Tivemos a saída da troika, mas bastam três indicadores para demonstrarem a enorme mistificação, que envolveu o conselho de ministros extraordinário ou o regresso do célebre relógio de paulo portas:
· entre o segundo trimestre de 2011 (quando a troika chegou a Portugal) e o primeiro trimestre de 2014 (os últimos dados disponíveis), a economia portuguesa registou uma queda acumulada de 5%.
· as medidas de austeridade que retiraram rendimentos às famílias levaram a uma diminuição inédita do consumo privado de 7,1%.
· As expectativas mais negativas de vendas e o aperto do crédito levaram o investimento a afundar-se em 19,2%.
Para Ricardo Paes Mamede estão mal explicadas as razões porque o país não vê a sua economia a crescer. Segundo o professor do ISCTE é falsa a argumentação em torno dos exagerados custos do trabalho: o problema reside nas competências tecnológicas e organizacionais.
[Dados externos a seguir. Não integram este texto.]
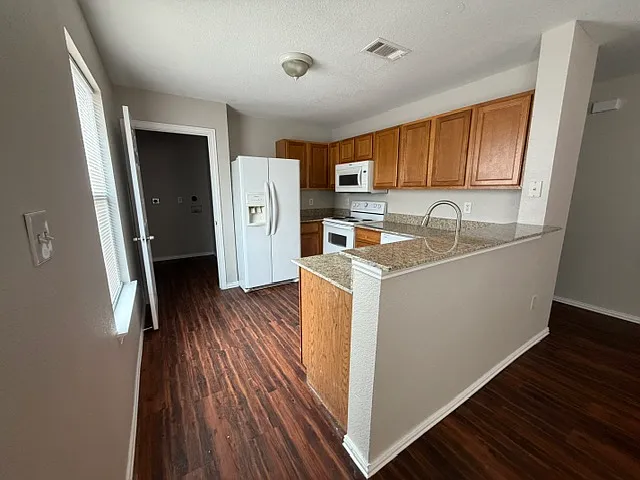3 bed, 1118 sqft, $1,395 — Photo 3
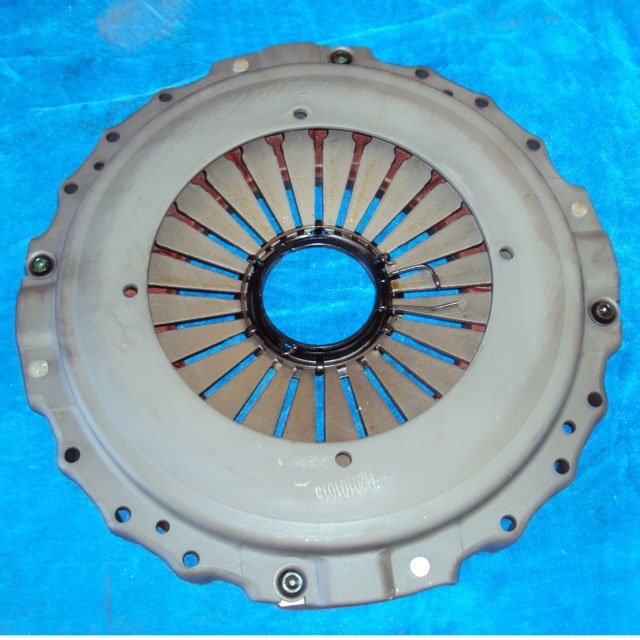Dongfeng Truck Parts Clutch Cover and Pressure Disk Assembly 1601090-ZB7C0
Ao “Público” ele fundamentou a sua opinião em função do que aconteceu nestes três anos: “A queda substancial do investimento privado (incluindo em inovação), a falência de empresas (não apenas de construção, mas também de sectores mais avançados da indústria e dos serviços) e a emigração de pessoas qualificadas que se verificaram nos últimos anos reduziram o nosso potencial de crescimento”. E acrescentou: “Se a isto juntarmos o endividamento e a descapitalização das empresas, não vejo que estejamos em condições de crescer na próxima década a um ritmo superior ao que crescemos na década anterior à chegada da troika”.
A exemplo dos demais signatários do «Manifesto dos 74», Ricardo Pais Mamede só existe uma forma de os portugueses se livrarem do colete de forças em que a dívida os tolhe: a sua reestruturação.
Mais adiante, no mesmo jornal, o sociólogo Boaventura Sousa Santos também desmente o foguetório em torno da “saída limpa”:
“Mistificação consiste em fazer alguém acreditar numa mentira. A mentira é que o processo da troika terminou com êxito, que Portugal tem hoje melhores condições para se desenvolver como país europeu e que a reforma do Estado proposta garante a criação de uma sociedade mais equitativa.”
E aquele que costuma causar na tenebrosa filomena mónica um ódio de estimação, dá exemplos de como a mistificação não ilude quem a vê do lado de fora: “Do Deustche Bank ao FMI, os relatórios são unânimes em mostrar que Portugal, longe de convergir, vai continuar a divergir da Europa desenvolvida. Ou seja, o objetivo da integração na União Europeia fracassou, um fracasso que, com doses brutais de mistificação, se apresenta como êxito.
Depois da guerra do Vietname, nunca uma derrota se disfarçou tão bem de vitória. Dado o seu novo estatuto, Portugal, para não estorvar, tem de ser mantido dentro, mas do lado de fora, e vigiado.
Portugal sai da Europa seguro pela trela curta do euro e do tratado orçamental. Não pode ir muito longe. Arranjará um lugarzito na soleira da porta da Europa, um país sem abrigo por onde passarão regularmente as carrinhas da sopa humanitária.”
A exemplo de Pais Mamede, também Boaventura Sousa Santos arrisca uma alternativa a tão confrangedor destino socorrendo-se de um célebre romance de Saramago: “é necessário que a jangada de pedra, tão premonitória, se afaste o suficiente para romper com a trela ou para forçar que ela seja refeita de modo a dar mais margem de liberdade ao movimento da jangada”.